On Thu, Feb 25, 2016 at 10:31 AM, Yaroslav M. Blanter <putevod(a)mccme.ru>
wrote:
- Possibly POV will be compromised in paid articles.
- Unhealthy situation within the editing community. In
the debates with
WMF staff when we disagreed, I always felt awkward, because they were paid
arguing with me, and would do it until they convince me or I give up, and I
was doing this in my free time, and got tired very quickly. I also had very
unpleasant experiences interacting with some chapter people whose only goal
was to keep their position. They did not care about the quality,
efficiency, anything, only about their personal good. And if somebody
defends their personal good, you know, thy usually win, and the quality
loses.

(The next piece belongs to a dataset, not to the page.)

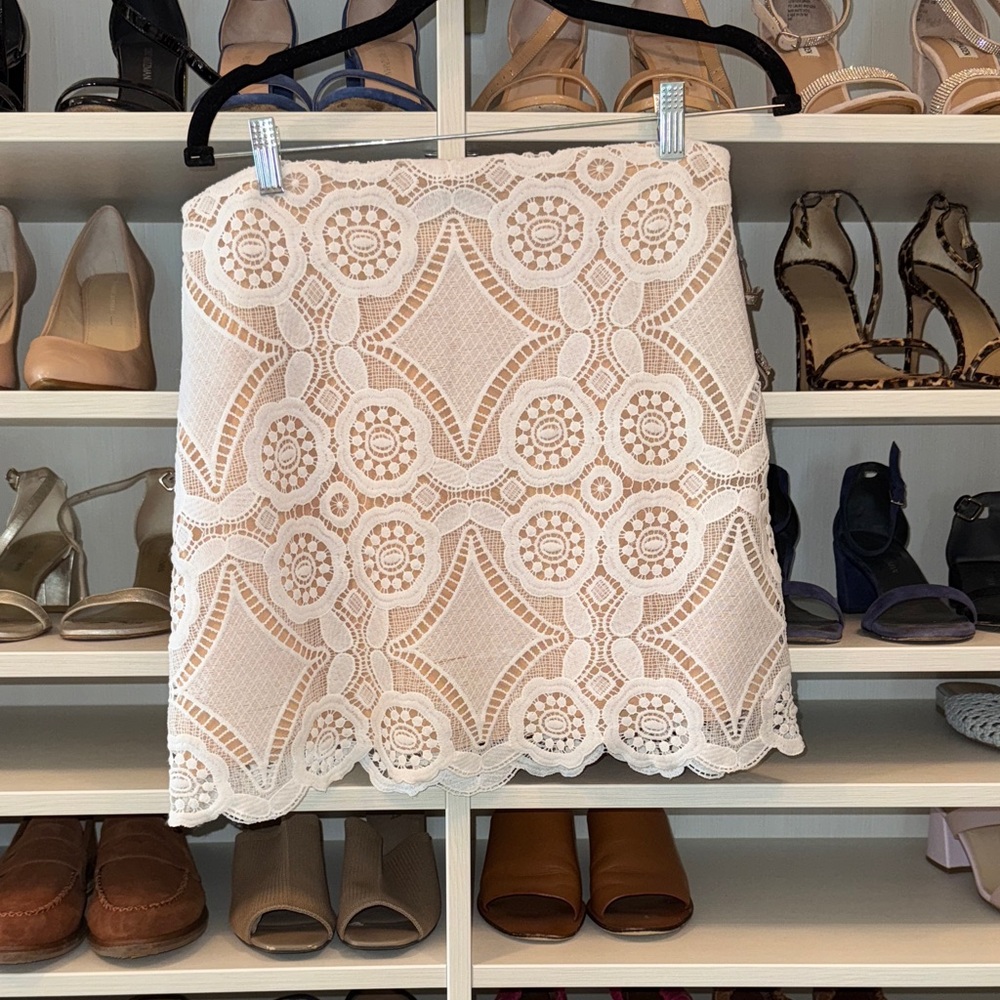 Abercrombie & Fitch Cream Lace Mini Skirt size 8 never worn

Now, imagine there is a content dispute between a user who is paid
(and is afraid to lose the salary) and a user who is unpaid and have to do
the same for free - I am sure a paid user will be way more persistent.
​Yaroslav, we already have a lot of paid editors on the English Wikipedia.
Some are
Wikimedians in residence, and this has always been regarded as
okay, though I believe they're expected not to edit articles about the
institution that employs them.
But we also have a lot of paid PR editing and obvious COI problems because
of that, as well as the problems you highlight (e.g. the paid editor being
more persistent).
Introducing the Foundation as a broker between organizations that want
articles and editors who want to write them would not solve all the
problems you highlight, but it would remove the COI aspect. So my thinking
was that it would be better than the current situation.